We were lectured just after the vote today, just after there was a very brief lapse in the reverence for the ceremonies for a round of booing, that the proper way to deal with defeat such as this is not to make noise but rather to write to our representatives and vote.

So I was just thinking we can have a practice session of ass-kissing and groveling for freedom from our overlords because we obviously suck at it. The idea is to kindly ask for some more freedom in a quiet and respectful manner, paying close attention not to disrupt the ceremonies. Beg other people to vote with you and then go quietly into that secret little booth and close the curtain and punch a little hole into a little piece of cardboard and drop it into the box of anonymity and then go home and shut the fuck up. Then hope that you aren't outnumbered because we all know that having the biggest gang is the way to determine who is actually right, particularly on matters of deciding how violence should be used against innocent people.

Who's up for a PiMP my Ass-kissing practice session?

Pat K

#1
Oh now your just being sarcastic.

You should put that energy into a nice
letter to your rep.

Moebius Tripp

"Oliverbert" the boy who dares to beg for more...

Fluff and Stuff

This is part of the Don Gorman School of Politics.

Free libertarian

Quote from: dalebert on March 04, 2009, 05:37 PM NHFT
We were lectured just after the vote today, just after there was a very brief lapse in the reverence for the ceremonies for a round of booing, that the proper way to deal with defeat such as this is not to make noise but rather to write to our representatives and vote.

So I was just thinking we can have a practice session of ass-kissing and groveling for freedom from our overlords because we obviously suck at it. The idea is to kindly ask for some more freedom in a quiet and respectful manner, paying close attention not to disrupt the ceremonies. Beg other people to vote with you and then go quietly into that secret little booth and close the curtain and punch a little hole into a little piece of cardboard and drop it into the box of anonymity and then go home and shut the fuck up. Then hope that you aren't outnumbered because we all know that having the biggest gang is the way to determine who is actually right, particularly on matters of deciding how violence should be used against innocent people.

Who's up for a PiMP my Ass-kissing practice session?


Okay I'm in...but only if I get to be the cop!  ;D

Russell Kanning

you don't have to just vote .... you can run for state rep :)

Pat K

Oh I would not wish that on Dale.

Although, doodle's from the house of reps,
would be awesome, I'M sure.

Becky Thatcher

I'm definitely up for a PiMP my Ass-kissing session... Tom thinks I could use it!   ;D

Ryan McGuire

#8
So we're pimping Dale's ass? Ok, but only if you shout "uncle! uncle!" while doing it.

rowland

Quote from: dalebert on March 04, 2009, 05:37 PM NHFT
We were lectured just after the vote today, just after there was a very brief lapse in the reverence for the ceremonies for a round of booing, that the proper way to deal with defeat such as this is not to make noise but rather to write to our representatives and vote.

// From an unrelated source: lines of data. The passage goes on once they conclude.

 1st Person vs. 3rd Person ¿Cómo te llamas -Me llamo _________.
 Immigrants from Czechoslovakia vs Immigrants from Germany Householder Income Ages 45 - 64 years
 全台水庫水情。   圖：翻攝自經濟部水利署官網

Why not do all of the above?

Jim Johnson

Is there a perquisite Boot Licking Course... I know there is an eye exam... cause the difference between a brown nosier and an ass kisser is just depth perception. 

dalebert

Quote from: rowland on March 05, 2009, 10:09 AM NHFT
Why not do all of the above?

Because I'd be wasting precious time that could be used for other things, things that have more benefit in return for the time and effort expended. You know, like picking the lint out of your belly button or filing down scabs so they don't catch on edges and get pulled off painfully.

Sam A. Robrin

A modern version of scissors/rock/paper:  Fist punches face, face kisses ass, ass encloses fist . . .

Mike Barskey

Quote from: dalebert on March 04, 2009, 05:37 PM NHFT
We were lectured just after the vote today, just after there was a very brief lapse in the reverence for the ceremonies for a round of booing, that the proper way to deal with defeat such as this is not to make noise but rather to write to our representatives and vote.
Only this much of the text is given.